Location
- Country: United States
- State: Oregon
- County: Clackamas County

Physical characteristics
- Source: Rock Lakes
- • location: Mount Hood National Forest, Cascade Range
- • coordinates: 45°08′50″N 121°58′52″W﻿ / ﻿45.14722°N 121.98111°W
- • elevation: 4,373 ft (1,333 m)
- Mouth: Roaring River
- • coordinates: 45°11′01″N 122°03′08″W﻿ / ﻿45.18361°N 122.05222°W
- • elevation: 1,732 ft (528 m)
- Length: 4.6 mi (7.4 km)

National Wild and Scenic River
- Type: Wild
- Designated: March 30, 2009

= South Fork Roaring River =

The South Fork Roaring River is a 4.6 mi tributary of the Roaring River in Clackamas County in the U.S. state of Oregon. Beginning at Rock Lakes in the Mount Hood National Forest in the Cascade Range, it flows generally northwest along the base of Indian Ridge to meet the main stem. The South Fork has no named tributaries.

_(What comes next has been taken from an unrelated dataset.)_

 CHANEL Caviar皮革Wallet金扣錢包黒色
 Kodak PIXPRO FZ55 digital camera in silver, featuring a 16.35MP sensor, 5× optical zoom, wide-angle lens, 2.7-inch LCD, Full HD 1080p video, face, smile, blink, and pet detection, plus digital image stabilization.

In 2009, the entire river was added to the National Wild and Scenic Rivers System. Designated "wild", its watershed includes old-growth forest, a deeply incised canyon, and many cascades, and provides prime habitat for northern spotted owls.

The watershed is part of the Roaring River Wilderness, a 36500 acre federally protected area also established in 2009. The area is off-limits to commercial logging and mechanized recreation though still open to fishing, camping, hunting, hiking, and many other activities.